Originally Posted by Richard Kollmann

Bowdrie, you are correct in that these small electronic refrigeration modules have demonstrated in some cases poor reliability. Danfoss has changed module designs several times modules fail on a number of refrigeration units. I have tested large numbers of these modules at no charge over the last twenty years and conclude the module that fail are on systems overloaded beyond their original design limits. There is one exception other than poor application and that is lightning strike direct or nearby.
Companies that sell icebox conversion refrigeration units incorrectly advise customers as to how large a box their system will operate as a refrigerator or a freezer. What about advise as to amount of insulation the box needs. One manufacturer’s catalog in small print calls for three times more insulation if it is intended to be a freezer. One manufacturer on this forum stated his unit with a Bd50 compressor can handle a 20 cubic foot box. My 12/24 volt Book is no longer available but the Slide Show ,what works and what does not, my web site is a twenty year old, generic view of selecting refrigeration hardware. If one is concerned about module failures take action on reducing compressor temperature. If you can not keep the palm of your hand on dome top of the compressor the control module may be at risk.

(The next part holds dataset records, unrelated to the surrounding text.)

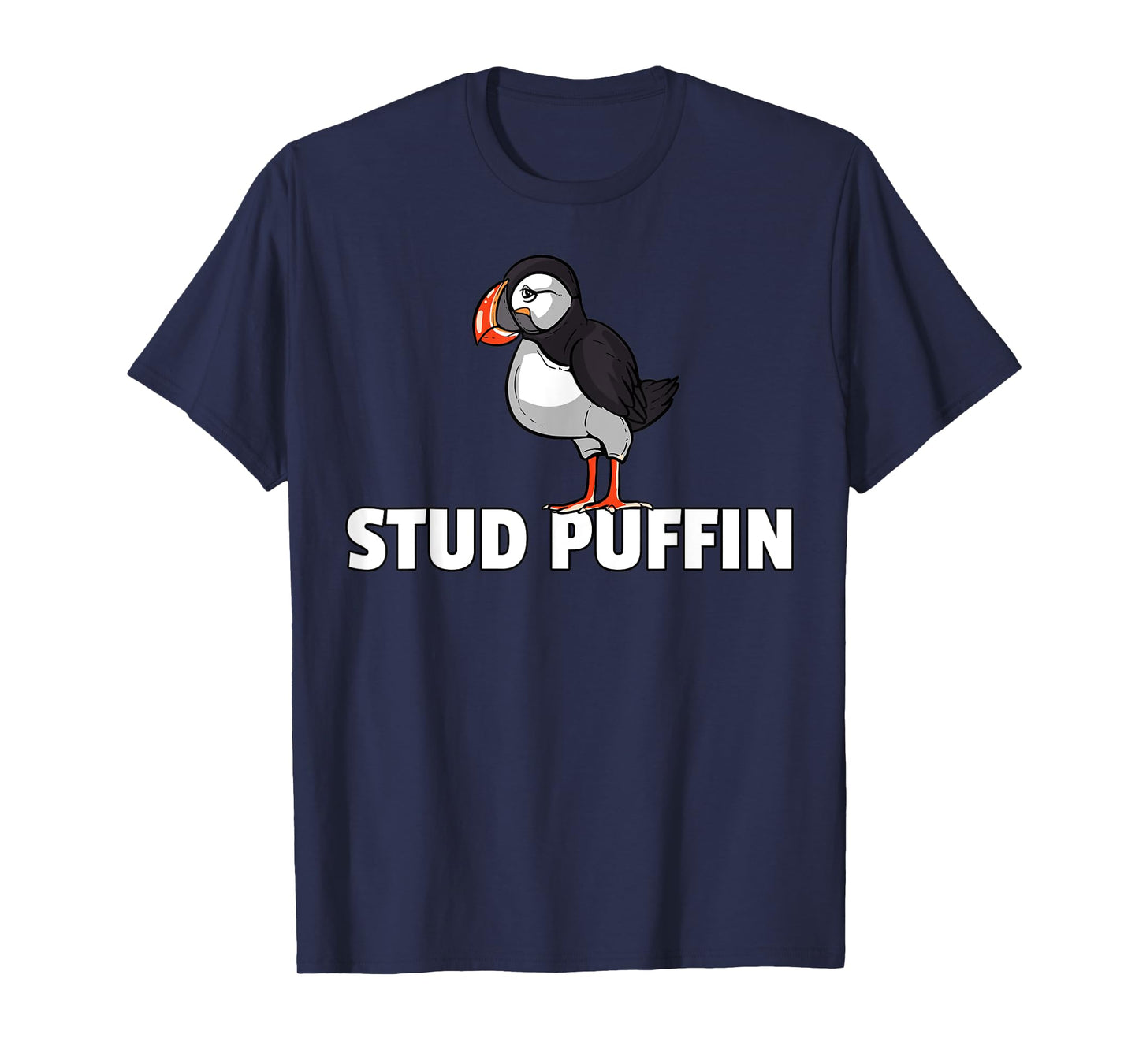 Stud Puffin Gift Iceland Seabird T-Shirt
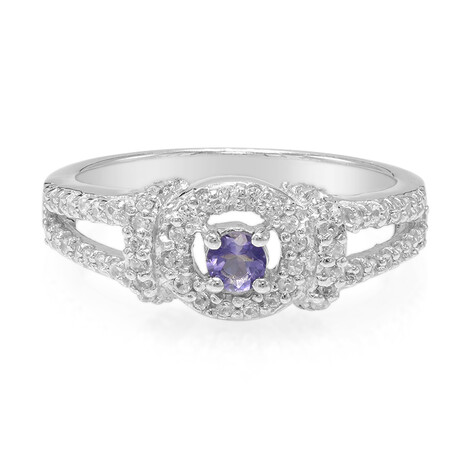 Zilveren ring met een Ceylon ioliet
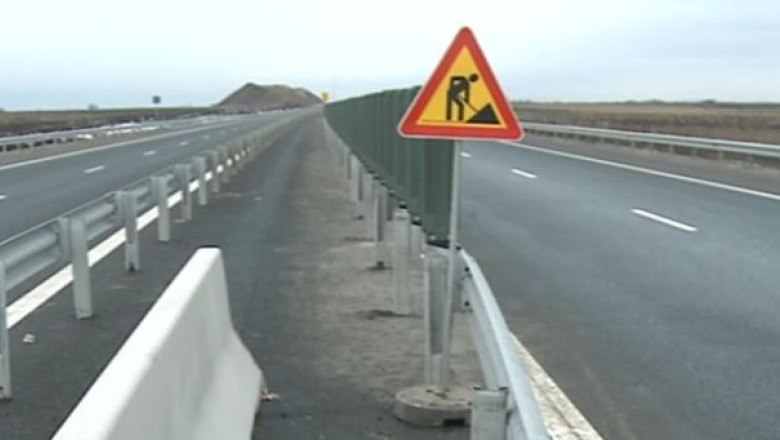 Autostrada terminata degeaba. CNADNR nu a facut receptia lucrarii, asa ca viteza este restrictionata. Explicatiile companiei Imagine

I did a study on evaporators service life some years ago that also included eutectic evaporators and copper tubing as a replacement.

Yes, the earlier MDMs (motor driver modules) were a PITA! to say the least. Over the years as they 'evolved' (Evolved = nice way of saying we haven't got this right but we are working on it!) And they did. The MDMs now have soft start and have been further improved in recent times. They are now very reliable and with excellent 'fail-safe' protection.

Regards matching a suitable system to cabinet size, insulation, ambient etc. This is most important and more often ignored resulting in disappointing results.
Any application of refrigeration can only be confidently applied if the requirements are known so that suitable equipment is chosen. Things like the daily heat load specific to the project , power consumption etc,. can easily be obtained by using a 'Heat load, Power consumption and Duty cycle' estimator.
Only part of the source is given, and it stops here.